At another, it represents a profound shift in how we think about intelligence itself.

The first generation of AI systems learned to operate in language. The next generation may learn to operate in worlds.

Simulation sits at the center of this transition. Rendering can generate appearances. Planning can generate actions. Simulation connects the two by allowing AI systems to reason about consequences before they occur.

That capability may ultimately become one of the defining technologies of the twenty-first century.

Yet what fascinated me most was not the taxonomy itself. It was the discussion that followed. The comments revealed something deeper. They exposed the governance gap hiding inside the world-model revolution.
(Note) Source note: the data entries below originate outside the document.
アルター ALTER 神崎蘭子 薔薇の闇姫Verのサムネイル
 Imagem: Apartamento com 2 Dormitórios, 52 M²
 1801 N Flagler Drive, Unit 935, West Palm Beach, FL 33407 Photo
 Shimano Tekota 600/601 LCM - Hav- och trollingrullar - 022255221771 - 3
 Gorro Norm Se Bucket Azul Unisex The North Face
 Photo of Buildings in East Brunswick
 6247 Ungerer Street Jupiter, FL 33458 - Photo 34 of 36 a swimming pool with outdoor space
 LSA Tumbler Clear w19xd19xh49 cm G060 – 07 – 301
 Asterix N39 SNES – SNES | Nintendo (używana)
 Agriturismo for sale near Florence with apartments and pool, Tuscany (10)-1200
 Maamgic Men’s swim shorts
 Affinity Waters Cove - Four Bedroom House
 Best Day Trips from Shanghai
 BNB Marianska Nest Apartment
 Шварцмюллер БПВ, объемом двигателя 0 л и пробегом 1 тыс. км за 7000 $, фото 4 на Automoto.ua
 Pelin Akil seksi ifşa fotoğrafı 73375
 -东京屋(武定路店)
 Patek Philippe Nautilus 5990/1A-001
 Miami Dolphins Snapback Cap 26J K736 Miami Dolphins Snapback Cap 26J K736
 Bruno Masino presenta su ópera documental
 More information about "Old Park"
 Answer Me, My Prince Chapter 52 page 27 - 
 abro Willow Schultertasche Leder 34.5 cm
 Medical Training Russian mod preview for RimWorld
The Questions That World Models Cannot Answer

Several readers immediately recognized that rendering, simulation, and planning are necessary. But not sufficient.

One commenter raised the issue of referential integrity. How does a world model know that its internal representation still corresponds to reality?

The question sounds technical. In fact, it is philosophical. A model that ceases to correspond to reality eventually becomes detached from the very world it seeks to understand.

Another commenter focused on the feedback loop itself. Planning is not enough. Actions must return consequences. Consequences must return observations. Observations must return learning.

Without this loop, the model remains trapped inside its own imagination.

Others raised an even more important issue.

A planner may know what is possible. But who decides what is permissible?

A simulator may predict consequences. But who owns responsibility for those consequences?

A world model may recommend action. But who authorizes it?

Suddenly, the discussion shifts. The challenge is no longer computational. It becomes institutional.

Social. Ethical. Civilizational.

A world model can tell you that a door can be opened. It cannot tell you whether you should open it. Nor whether you have permission to. Nor who bears responsibility if something goes wrong after you do.

Those questions lie outside the world-model stack itself. And yet they increasingly determine whether intelligence creates value or creates harm.

At that moment, we move beyond world models. We enter the domain of co-intelligence.

Figure: From World Models to Co-Intelligent Worlds

The Missing Layer: Governance

What the discussion around world models reveals is that intelligence does not stop at prediction. Prediction becomes action. Action generates consequences. Consequences create value, risk, learning, trust, and legitimacy.

Those outcomes require governance. This is where the COIN perspective becomes useful.

Fei-Fei Li’s framework helps explain how AI systems may learn to understand worlds.
COIN asks a different question:
Within what architecture should those understandings become legitimate, accountable, and valuable actions?

This distinction matters enormously.

A system can possess extraordinary capabilities and still create poor outcomes.

History is filled with examples of powerful technologies deployed without sufficient governance.

The issue was rarely capability. The issue was how capability became embedded within institutions, incentives, and social systems.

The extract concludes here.